Convicted for homosexuality, Alan Turing to feature on £50 note
Famed British mathematician and computer scientist Alan Turing, who helped save millions of lives as a World War II codebreaker, is the new face of the Bank of England's £50 note. Turing was previously disgraced for his homosexuality, then a criminal offense in Britain, and was chemically castrated. Only in 2013 did Turing receive a posthumous pardon, around 60 years after his alleged suicide.
Turing's contributions far-ranging and path-breaking: Bank of England Governor
The announcement was made by Bank of England Governor Mark Carney, who said, "Alan Turing was an outstanding mathematician whose work has had an enormous impact on how we live today." Carney said Turing's contributions as a computer scientist and a war hero were "far-ranging and path-breaking" adding that he "is a giant on whose shoulders so many now stand."
New £50 to enter circulation by 2021 end
Further, speaking at the announcement at the Science and Industry Museum in Manchester, Carney also said that the new £50 banknotes will enter circulation by the end of 2021, replacing the current notes, which feature steam engine pioneers James Watt and Matthew Boulton. Interestingly, the £50 banknote is often described as the "currency of corrupt elites," however, 344 million £50 banknotes remain in circulation.
Turing picked from 989 candidates
To note, the Bank had earlier sought suggestions for scientists whose portrait to feature on the banknotes. They received 2,27,299 nominations for 989 eligible scientists which were shortlisted to 12, including, Mary Anning, Paul Dirac, Rosalind Franklin, William Herschel and Caroline Herschel, Dorothy Hodgkin, Ada Lovelace and Charles Babbage, Stephen Hawking, James Clerk Maxwell, Srinivasa Ramanujan, Ernest Rutherford, Frederick Sanger, and Alan Turing.

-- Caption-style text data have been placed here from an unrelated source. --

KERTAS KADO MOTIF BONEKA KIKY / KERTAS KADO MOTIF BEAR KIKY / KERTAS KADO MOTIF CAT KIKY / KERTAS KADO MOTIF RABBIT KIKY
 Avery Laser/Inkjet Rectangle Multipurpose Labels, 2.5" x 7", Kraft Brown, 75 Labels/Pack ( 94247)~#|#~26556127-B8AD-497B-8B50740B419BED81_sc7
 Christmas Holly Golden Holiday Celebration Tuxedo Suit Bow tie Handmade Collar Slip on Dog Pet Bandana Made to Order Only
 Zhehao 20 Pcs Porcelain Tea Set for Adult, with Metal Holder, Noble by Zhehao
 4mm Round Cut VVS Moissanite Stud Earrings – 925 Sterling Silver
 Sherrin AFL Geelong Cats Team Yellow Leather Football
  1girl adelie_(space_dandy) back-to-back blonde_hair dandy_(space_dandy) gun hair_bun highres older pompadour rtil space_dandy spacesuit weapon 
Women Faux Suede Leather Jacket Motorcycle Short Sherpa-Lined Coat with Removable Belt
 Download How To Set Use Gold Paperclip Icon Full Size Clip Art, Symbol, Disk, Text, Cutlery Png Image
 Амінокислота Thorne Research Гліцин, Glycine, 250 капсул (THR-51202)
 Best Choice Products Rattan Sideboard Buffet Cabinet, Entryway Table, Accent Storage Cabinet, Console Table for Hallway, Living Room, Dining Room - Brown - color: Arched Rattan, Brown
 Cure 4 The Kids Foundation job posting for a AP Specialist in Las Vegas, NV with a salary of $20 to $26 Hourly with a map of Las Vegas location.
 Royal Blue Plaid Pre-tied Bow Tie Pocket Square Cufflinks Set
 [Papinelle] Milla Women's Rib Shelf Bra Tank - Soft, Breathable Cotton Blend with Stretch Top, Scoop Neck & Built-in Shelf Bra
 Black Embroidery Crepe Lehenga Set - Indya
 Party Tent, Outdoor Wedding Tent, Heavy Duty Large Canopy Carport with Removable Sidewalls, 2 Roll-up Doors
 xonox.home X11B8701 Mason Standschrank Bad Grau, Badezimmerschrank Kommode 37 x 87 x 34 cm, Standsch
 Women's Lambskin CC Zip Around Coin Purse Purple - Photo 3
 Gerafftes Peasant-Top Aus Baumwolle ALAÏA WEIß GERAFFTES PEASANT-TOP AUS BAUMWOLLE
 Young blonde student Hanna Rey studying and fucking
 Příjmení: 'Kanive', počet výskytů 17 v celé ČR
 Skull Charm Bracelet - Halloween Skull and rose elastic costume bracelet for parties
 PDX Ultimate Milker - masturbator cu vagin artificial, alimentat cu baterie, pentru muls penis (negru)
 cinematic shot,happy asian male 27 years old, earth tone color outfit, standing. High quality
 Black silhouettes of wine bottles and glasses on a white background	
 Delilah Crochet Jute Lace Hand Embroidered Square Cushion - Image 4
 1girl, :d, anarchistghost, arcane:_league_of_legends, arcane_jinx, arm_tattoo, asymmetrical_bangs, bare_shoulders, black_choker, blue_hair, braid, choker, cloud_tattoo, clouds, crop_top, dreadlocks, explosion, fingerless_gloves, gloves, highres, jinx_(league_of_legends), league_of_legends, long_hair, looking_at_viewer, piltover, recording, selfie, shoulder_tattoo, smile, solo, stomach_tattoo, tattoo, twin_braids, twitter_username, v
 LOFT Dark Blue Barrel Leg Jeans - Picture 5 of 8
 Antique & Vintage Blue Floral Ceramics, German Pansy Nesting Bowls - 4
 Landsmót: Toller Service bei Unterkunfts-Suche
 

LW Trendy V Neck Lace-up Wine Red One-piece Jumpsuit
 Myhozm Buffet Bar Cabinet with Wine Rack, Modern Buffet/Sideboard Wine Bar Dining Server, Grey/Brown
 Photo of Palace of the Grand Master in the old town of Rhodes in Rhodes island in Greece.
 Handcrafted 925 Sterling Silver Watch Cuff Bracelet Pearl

MPs, campaigners raise concerns of choosing a white scientist
Although many have welcomed the move to mark Turing's achievements, MPs and campaigners have raised concerns that choosing a white scientist sends a "damaging message that ethnic minorities are invisible." Carney responded by saying that the Bank celebrates "all aspects of diversity," but "to not represent the scale of scientific achievement in this country would be a mistake."
Apart from Queen, Jane Austen the only woman on banknotes
Apart from representing ethnic minorities, the banknotes also faced flak for lack of representation of other genders. Other than the Queen herself, Jane Austen, featured on the £10 note, is the only woman whose image is seen among the four banknotes.
Here's how Turing's contributions helped end WWII
Coming to Turing, in World War II, he contributed by cracking intercepted coded messages, helping the Allied forces defeat the Nazis. Without Turing breaking the German Naval U-boat Enigma cipher, the war is estimated to have lasted for 2-3 more years, instead of ending in 1945. Hence, Turing's codebreaking skills are said to have saved 14 to 21 million lives.
Turing convicted for homosexuality in 1952; died two years later
Despite being hailed as a war hero, Turing was charged for "gross indecency" in 1952 for his homosexuality. He was chemically castrated (his libido was reduced by taking hormonal injections) which led to "feminization" of his body. On June 7, 1954, he died due to cyanide poisoning in an apparent suicide, however, many argue that his death may have been an accident.
Turing was pardoned posthumously in 2013
In 2009, then Prime Minister issued an unequivocal apology to Turing for his conviction after receiving a petition. Later, another petition emerged demanding a British government pardon posthumously, which, after a long struggle, was granted by Queen Elizabeth II in 2003.